Being Out
My parents found out I was gay when I was eleven years old. After a while, I had stopped deleting my internet history (possibly as a subconscious way of getting caught), and one day my parents found a long list of sites I had been visiting. First and foremost among them was the original BoundandGagged.com. I don’t know how much time passed between the discovery and the confrontation, but one day they just approached me about it. They wanted me to know they loved me and everything was all right, but that bondage and SM were dangerous. I was eleven! What do you expect?
Being out as a leather boy is something I value greatly, but it isn’t just about doing what is best for me. I truly believe that being out is good for the community. I think we all know that it’s easier for some than others (for a variety of reasons), and it takes a fair deal of comfort in your own skin to be able to candidly talk about the things others prefer to compartmentalize. However, by breaking down the taboos and misconceptions that surround and shroud our community and our practices, we accomplish a number of things.

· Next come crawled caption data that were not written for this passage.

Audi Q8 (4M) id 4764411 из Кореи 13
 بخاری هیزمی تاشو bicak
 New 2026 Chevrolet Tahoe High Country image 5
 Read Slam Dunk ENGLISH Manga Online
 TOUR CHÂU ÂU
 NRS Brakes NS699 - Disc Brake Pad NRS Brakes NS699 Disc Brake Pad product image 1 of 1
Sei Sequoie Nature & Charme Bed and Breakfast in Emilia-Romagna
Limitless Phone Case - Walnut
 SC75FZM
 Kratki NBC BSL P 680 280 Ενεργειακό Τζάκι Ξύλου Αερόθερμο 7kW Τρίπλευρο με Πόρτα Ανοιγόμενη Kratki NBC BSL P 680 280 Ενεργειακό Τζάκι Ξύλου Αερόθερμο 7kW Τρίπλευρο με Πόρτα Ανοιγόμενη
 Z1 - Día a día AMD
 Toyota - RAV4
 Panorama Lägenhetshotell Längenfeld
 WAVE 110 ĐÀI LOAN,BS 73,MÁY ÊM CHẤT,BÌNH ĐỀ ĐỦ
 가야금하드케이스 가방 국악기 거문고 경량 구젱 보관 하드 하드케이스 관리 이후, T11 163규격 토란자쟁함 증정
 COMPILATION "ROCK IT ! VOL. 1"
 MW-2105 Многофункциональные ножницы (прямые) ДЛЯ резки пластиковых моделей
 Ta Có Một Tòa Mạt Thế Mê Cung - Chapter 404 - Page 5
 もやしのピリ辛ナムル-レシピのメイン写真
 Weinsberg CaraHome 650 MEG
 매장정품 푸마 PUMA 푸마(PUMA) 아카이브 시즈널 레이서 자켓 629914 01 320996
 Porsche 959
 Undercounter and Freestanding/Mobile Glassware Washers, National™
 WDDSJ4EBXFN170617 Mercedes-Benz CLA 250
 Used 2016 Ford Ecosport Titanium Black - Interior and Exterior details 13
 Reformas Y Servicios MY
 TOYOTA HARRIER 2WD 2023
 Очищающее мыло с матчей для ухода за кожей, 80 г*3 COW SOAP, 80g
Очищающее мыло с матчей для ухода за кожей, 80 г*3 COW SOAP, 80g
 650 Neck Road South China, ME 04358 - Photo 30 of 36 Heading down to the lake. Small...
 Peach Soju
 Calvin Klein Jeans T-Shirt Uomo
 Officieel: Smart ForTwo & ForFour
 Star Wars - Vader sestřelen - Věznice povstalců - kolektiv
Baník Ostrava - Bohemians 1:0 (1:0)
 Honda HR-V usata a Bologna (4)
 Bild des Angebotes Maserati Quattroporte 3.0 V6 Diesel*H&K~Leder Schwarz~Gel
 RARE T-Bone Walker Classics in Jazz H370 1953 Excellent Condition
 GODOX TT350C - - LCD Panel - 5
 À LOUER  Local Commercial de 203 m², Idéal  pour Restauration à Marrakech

For starters, and perhaps the most obvious, we deepen the bonds we share with non-leather folk. For example, I am out (and for the rest of this post I mean out as a leather boy) to all my friends and even my family. I cannot even begin to describe the level of connection I share with my closest friends and family because of (as opposed to despite) my openness about these issues. For example, my experience with David (as my most loyal readers will know as my first Sir/boy dynamic) became very emotionally tumultuous during the final months, and I really needed the support of my friends and family. There is no way I could have possibly begun to share my feelings with them if I had to avoid the topic of leather/BDSM. My relationship woes were so deeply rooted in the newness of my identity as a boy, that had I tried to share my feelings with those closest to me, they would have only gotten a vague outline of my problems.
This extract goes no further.